Amatilah gambar berikut!
Apakah gambar di atas memperlihatkan keragaman karakteristik? Apa yg sedang dilaksanakan anak-anak pada gambar di atas? Tuliskan pendapatmu pada tempat di bawah.
Jawaban:
Terdapat keberagaman karakteristik pada gambar anak-anak tersebut, yaitu keberagaman fisik. Ada anak berkulit gelap. Ada pula anak berkulit putih. Meskipun berbeda warna kulit, mereka tetap melakukan pekerjaan sama dlm melaksanakan peran kelompok.
Kamu di sekolah mempunyai banyak teman dgn keragamannya. Ada sahabat dgn ciri fisik berlainan-beda. Ada sobat berlainan agama. Ada pula sobat dgn asal daerah tempat tempat tinggal berbeda. Bagaimana ananda menanggapi keragaman karakteristik di sekolahmu? Tuliskan dlm kolom berikut.
Jawaban:
Cara menanggapi keberagaman karakteristik di sekolah yaitu dgn menghormati & menghargai sobat yg berbeda fisik, agama, & asal kawasan. Kita mesti tetap menjalin persahabatan dgn semua sahabat tanpa membeda-bedakan, baik fisik, agama, maupun asal daerah.
Daerah tempat tinggal penduduk Yogyakarta bermacam-macam. Ada daerah dataran tinggi, dataran rendah, pesisir, kota, & desa. Di Yogyakarta pula banyak ditemui sungai, di antaranya Sungai Opak, Sungai Code, Sungai Kuning, Sungai Progo, & Sungai Gajah Wong.
Salah satu sungai di Yogyakarta yg m em iliki cerita legenda yaitu Sungai Gajah Wong. Penduduk Yogyakarta sering menyebut sungai dgn kali. Kali Gajah Wong yaitu sebuah kali yg terletak di tengah-tengah kota Kecamatan Kotagede. Panjang kali ini tak lebih dr 20 kilometer.
Pada abad ke-17, kali ini merupakan kali yg kecil. Masyarakat di daerah tersebut menyebutnya dgn kalen, yg artinya kali kecil. Dan kebetulan airnyapun hanya gemercik mengalir sedikit sekali.
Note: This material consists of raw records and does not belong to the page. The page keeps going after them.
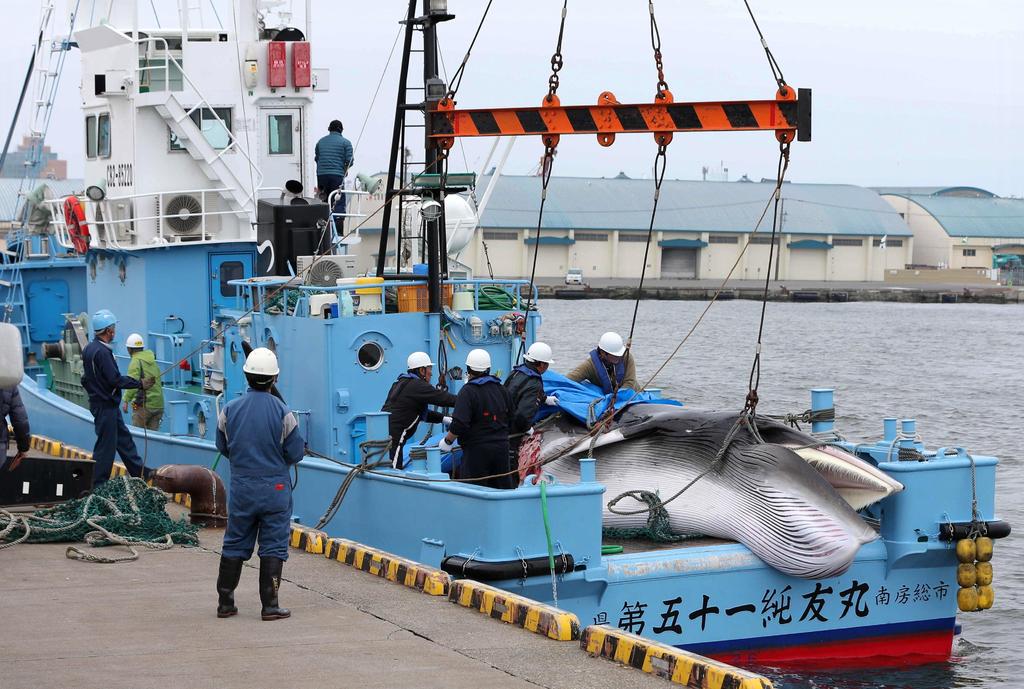 La caza de ballenas ha deparado críticas de parte de la comunidad internacional e incluso una sentencia de la Corte de la Haya en contra de Japón. (EFE)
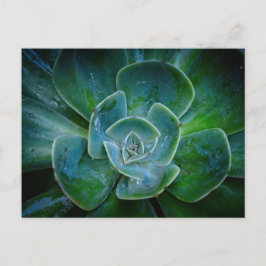 Evergreen Pflanze Feiertagspostkarte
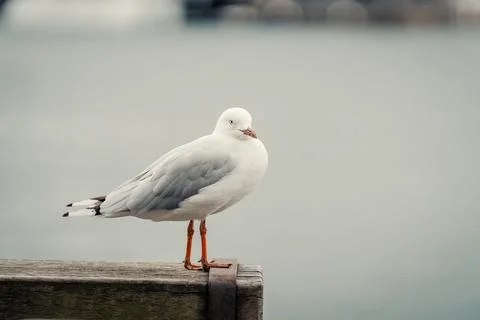 Pigeon Perched on a Table at Barangaroo, Sydney Stock Photos
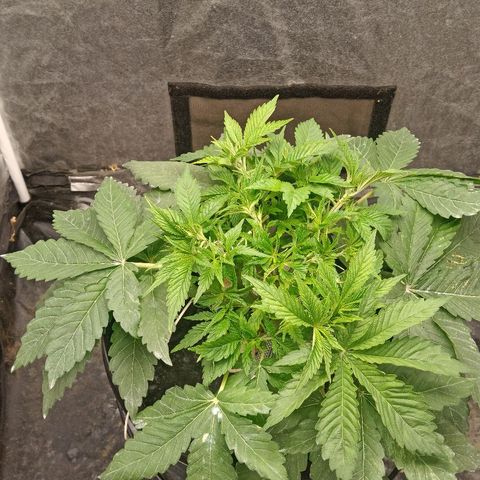 Gorilla glue #4 growlog photo: Otra defoliacion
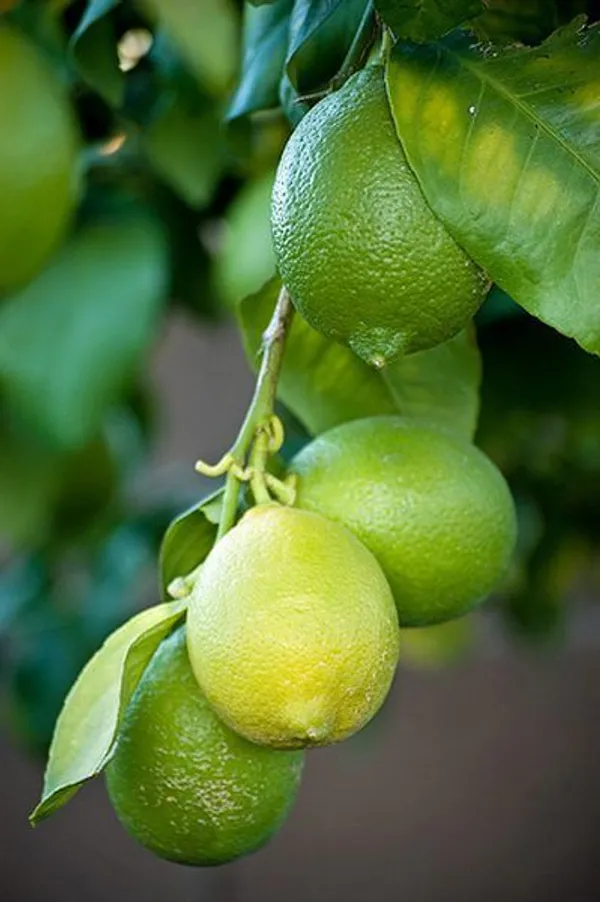 Seed_Less_Lemon_Dwarf_Live_Plant_Original_Hybrid_in_a_plastic_grow_bag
Berikut kisah mengenai Kali Gajah Wong.
Kali Gajah Wong
Hari itu, Ki Sapa Wira bersiul riang. Seperti biasa, ia akan memandikan gajah milik junjungannya, Sultan Agung, raja Kerajaan Mataram. Dengan hati-hati, Ki Sapa Wira menuntun gajah yg dinamai Kyai Dwipangga itu.
Mereka berlangsung ke sungai yg terletak di akrab Keraton Mataram. Mulailah ia memandikan gajah yg berasal dr negeri Siam itu.
“Nah, kini kau sudah bersih. Rambutmu sudah mengilap, sekarang ayo kembali ke kandangmu,” kata Ki Sapa Wira pada Kyai Dwipangga.
Ki Sapa Wira memang memperlakukan Kyai Dwipangga mirip anaknya sendiri. Tak heran, Kyai Dwipangga amat patuh padanya.
Suatu hari, Ki Sapa Wira tak mampu memandikan Kyai Dwipangga. Ada jerawat besar di ketiaknya, rasanya ngilu sekali. Badannya pula demam alasannya adalah bisul itu. Ia meminta tolong pada adik iparnya, Ki Kerti Pejok, untuk mengambil alih memandikan Kyai Dwipangga.